* **Supplied data**
+ + +

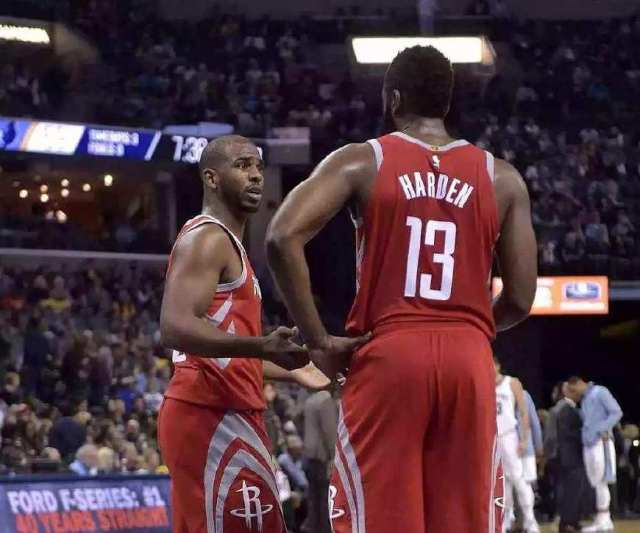 独行侠与爵士的激情碰撞（独行侠与爵士燃情对决）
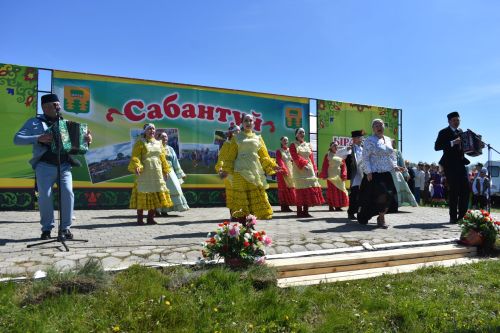 Кайбычлылар Чувашия Республикасы Комсомол районының Урмай авылында Сабантуй бәйрәмен гөрләтеп кайтты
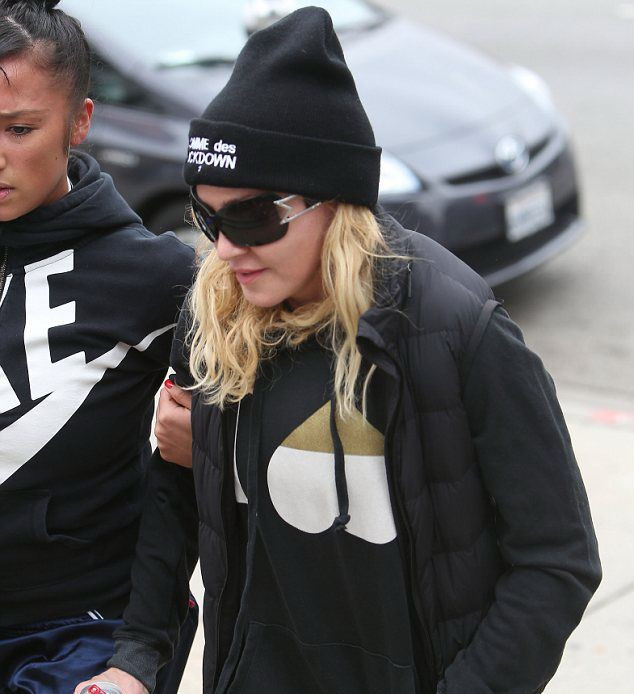 madonna-out-and-about-los-angeles-gym-140130 (8)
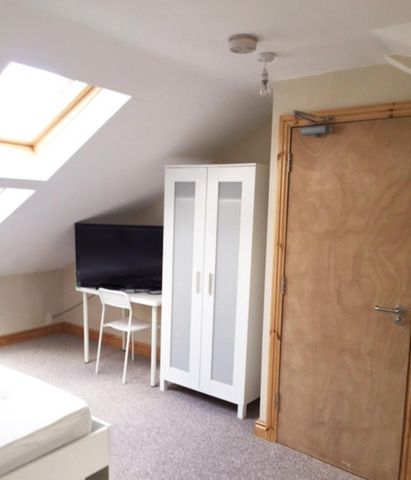 5 bedroom house share to rent - Photo 2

+ + +

* **Problem**
From the line containing "madonna-out-and-about-los-angeles-gym-140130 (8)" to the end of the data above, give those lines again verbatim, with both endpoints included and no images.

* **Task answer**
 madonna-out-and-about-los-angeles-gym-140130 (8)
 5 bedroom house share to rent - Photo 2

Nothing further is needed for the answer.